What is expected. Filter the lines below, keeping each one that holds "Samsung".

Records for processing.
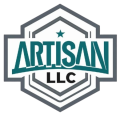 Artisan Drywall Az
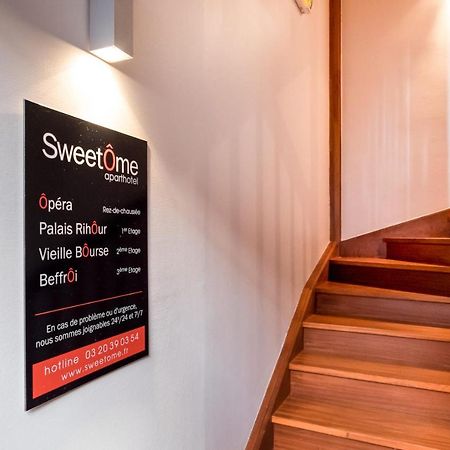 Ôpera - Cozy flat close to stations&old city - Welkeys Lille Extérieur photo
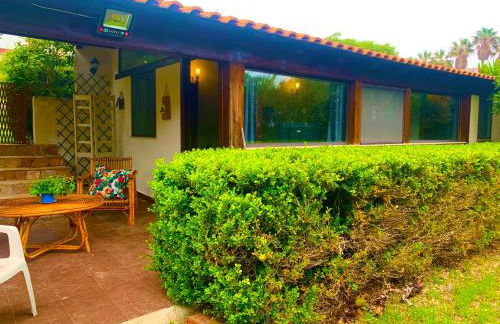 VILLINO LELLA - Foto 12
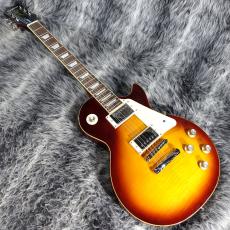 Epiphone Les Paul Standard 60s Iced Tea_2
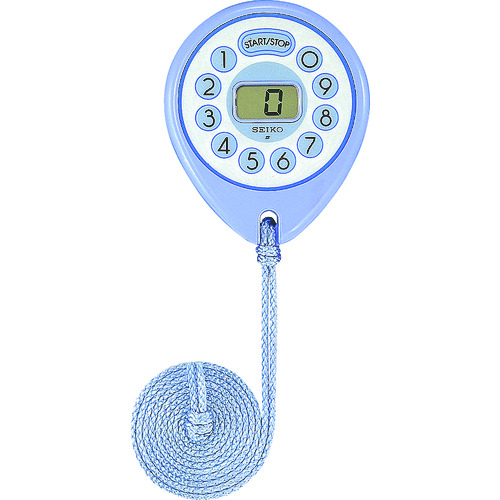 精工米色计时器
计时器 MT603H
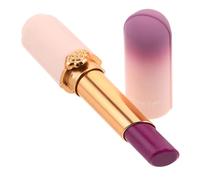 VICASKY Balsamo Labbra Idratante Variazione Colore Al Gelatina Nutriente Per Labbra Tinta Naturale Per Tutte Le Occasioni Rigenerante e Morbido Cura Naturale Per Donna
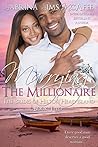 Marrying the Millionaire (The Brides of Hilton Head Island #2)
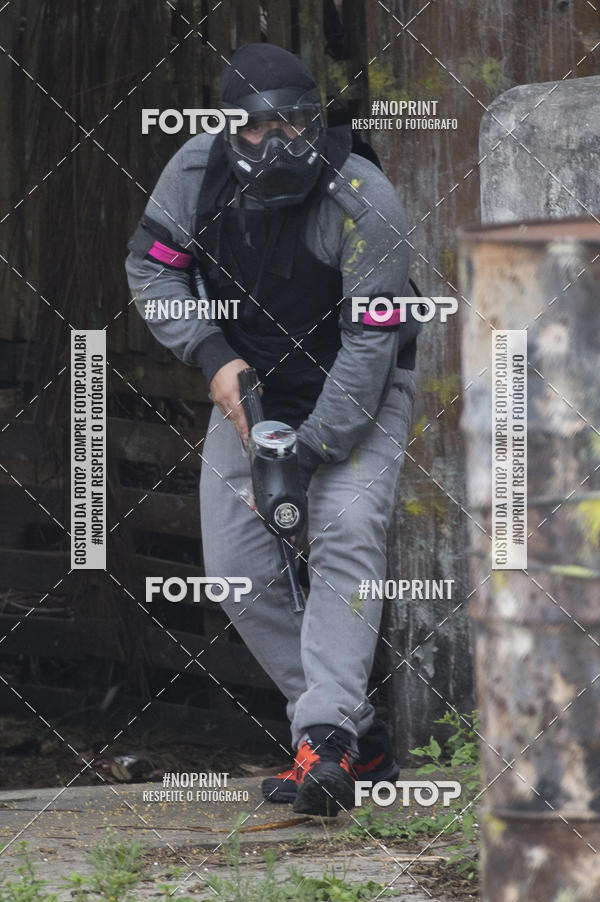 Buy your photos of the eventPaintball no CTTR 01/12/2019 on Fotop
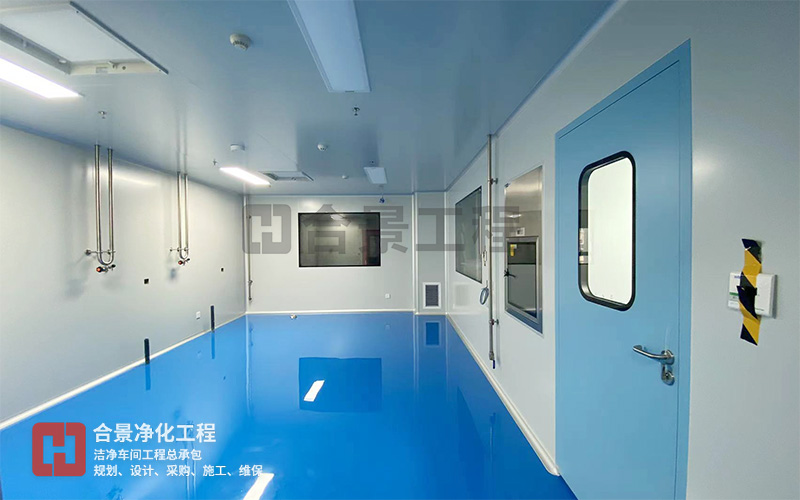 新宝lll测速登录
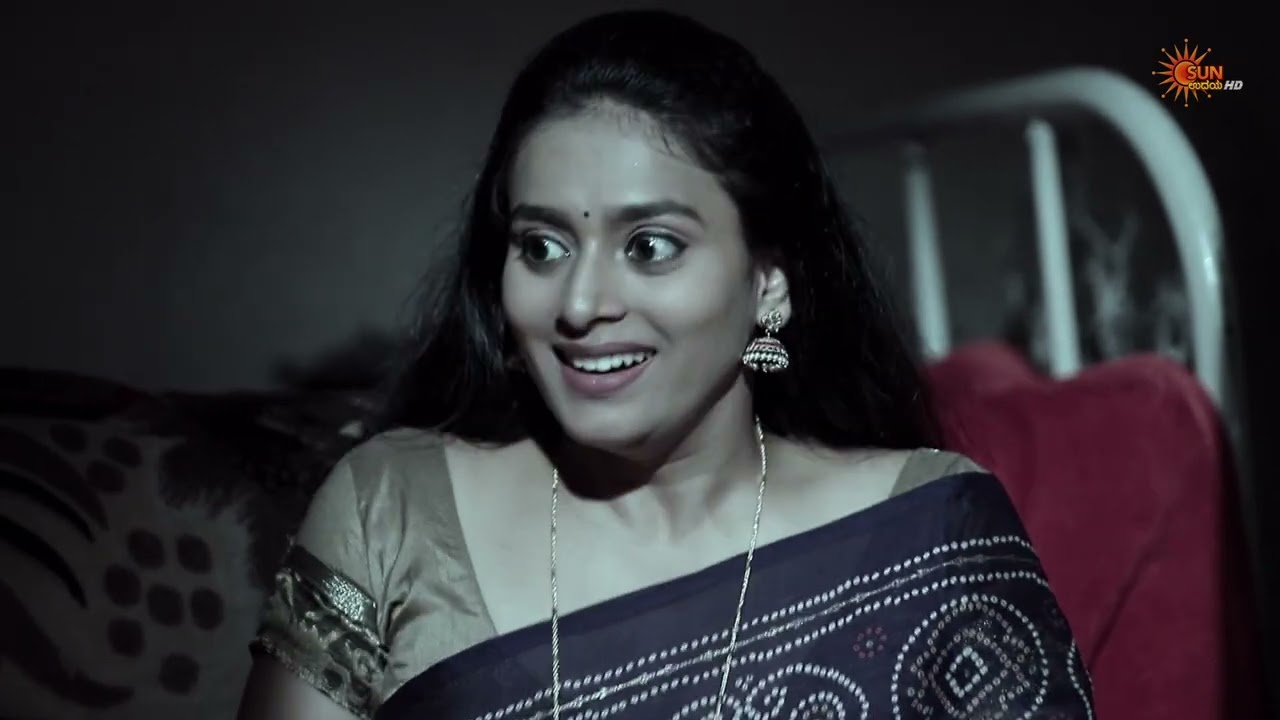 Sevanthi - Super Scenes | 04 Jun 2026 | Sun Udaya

* * *

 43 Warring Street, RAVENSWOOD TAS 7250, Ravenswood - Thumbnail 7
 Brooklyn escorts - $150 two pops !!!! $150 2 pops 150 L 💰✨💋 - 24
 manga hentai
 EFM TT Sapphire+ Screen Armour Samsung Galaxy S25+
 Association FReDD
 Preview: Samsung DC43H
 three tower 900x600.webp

Answer space.
 EFM TT Sapphire+ Screen Armour Samsung Galaxy S25+
 Preview: Samsung DC43H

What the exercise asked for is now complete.